One day after D.C. Mayor Marion Barry invited himself to join Minister Louis Farrakhan on stage at the Washington Convention Center, the Nation of Islam leader attempted to return the favor yesterday by trying to attend Barry's trial on drug and perjury charges.
U.S. District Judge Thomas Penfield Jackson, however, barred Farrakhan from the courtroom for the duration of the trial, saying the religious leader's presence would be "potentially disruptive" and "very likely intimidating."
"He is persona non grata for the trial of this case," Jackson said.
Farrakhan told reporters later that Jackson's order "is part of the double standard that black people have been under since we have been in this country." He accused authorities of "wickedness" and hypocrisy in going to great lengths to snare Barry.
"If Bush had people surveilling him for the years that they were in surveillance of the mayor, I wonder what skeletons would pop out of his closet," Farrakhan said.
After years of strained relations, Farrakhan and Barry have reached a highly visible political rapprochement just as federal prosecutors have unleashed devastating testimony and evidence against the mayor, including yesterday's release of the the videotape of the FBI sting.
During a rally Wednesday night at the Convention Center, Farrakhan called Barry -- who appeared on stage with his wife, Effi -- a "repentant soul" and urged Barry to reverse his decision and run for another term.
Barry again was on stage during a second rally last night with his wife and his son, Christopher.
The Muslims' overtures to Barry come at a time when the Nation of Islam has fielded three candidates for elective office in the District and Maryland.
The Muslims, seeking to broaden their base of support, are trying to enlist the support of black politicians, ministers and business people.
Barry and his wife, Effi, made a surprise visit to the Convention Center on Wednesday, and they both joined Farrakhan on the stage during a two-hour rally that drew an estimated 10,000 people.
Beverly X, a Muslim spokeswoman, said Barry was not invited to the event. "It was an unannounced decision on Barry's part to come," she said. "We were very happy he came."
It was unclear what prompted Barry to attend the rally with Farrakhan, whom some blacks and whites criticize as a racist demagogue.

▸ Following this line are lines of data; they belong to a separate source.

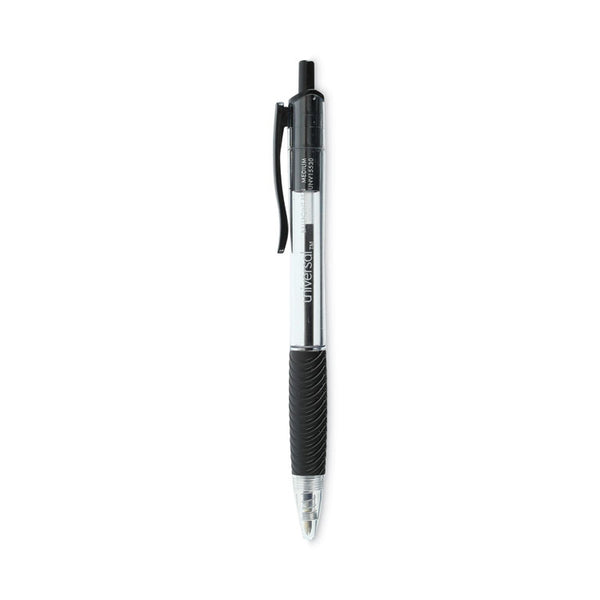 Universal™ Comfort Grip Ballpoint Pen, Retractable, Medium 1 mm, Black Ink, Clear/Black Barrel, 48/Pack (UNV15533)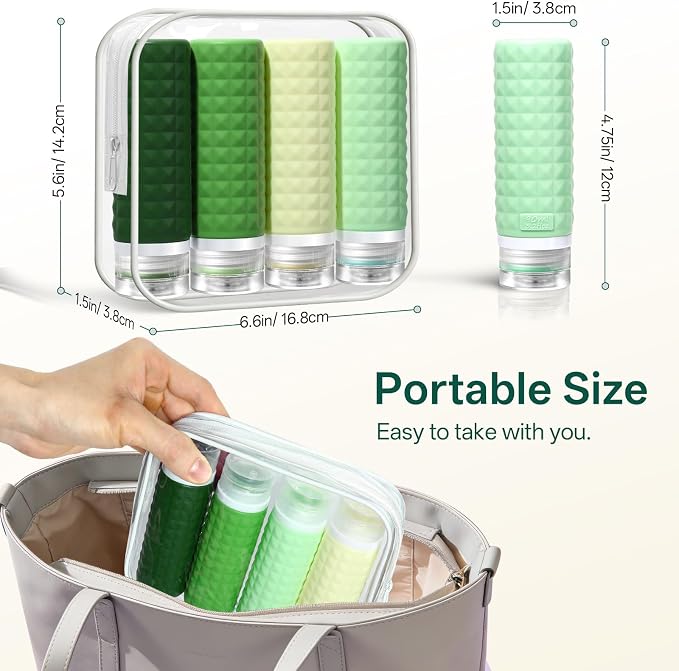 Travel Bottles for Toiletries, TSA Approved Travel Size Containers, Leak Proof Silicone Shampoo Bottles, Small Toiletry Containers with Clear Bag for Shampoo Conditioner Lotion - Image 3
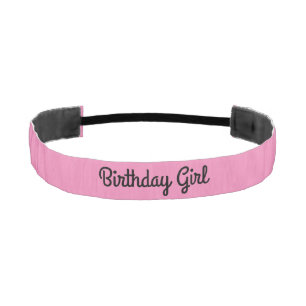 Birthday Girl Black and Pink Athletic Headband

Earlier in the day, in an interview with a group of black reporters, Farrakhan expressed sentiments of support for the mayor.
Sources said Barry was informed of Farrakhan's remarks, parts of which were aired on WHUR-FM Wednesday, before the rally.
Barry's surprise visit marked the second time in two days that he has invited himself to an event. Barry invited himself onto the stage Tuesday with African National Congress leader Nelson Mandela, who addressed a Convention Center rally. That visit by Barry drew complaints from some tour organizers that the mayor had disrupted the event.
Barry received standing ovations at both events, however, and seemed particularly buoyed by Farrakhan, who characterized him as a persecuted black politician "under attack" by the white establishment.
Farrakhan, in a speech last month, unleashed a scathing attack on local black politicians and said the Muslims, if elected, would not yield to temptations of drugs, drink and women, an issue that has been much discussed since Barry's Jan. 18 arrest at the Vista Hotel.
Asked yesterday by a reporter about Barry's drug use and conduct shown on the FBI videotape, Farrakhan, citing scripture, said, "Jesus would not be as hypocritical as those who are casting stones at the mayor."
Staff writer R.H. Melton contributed to this report.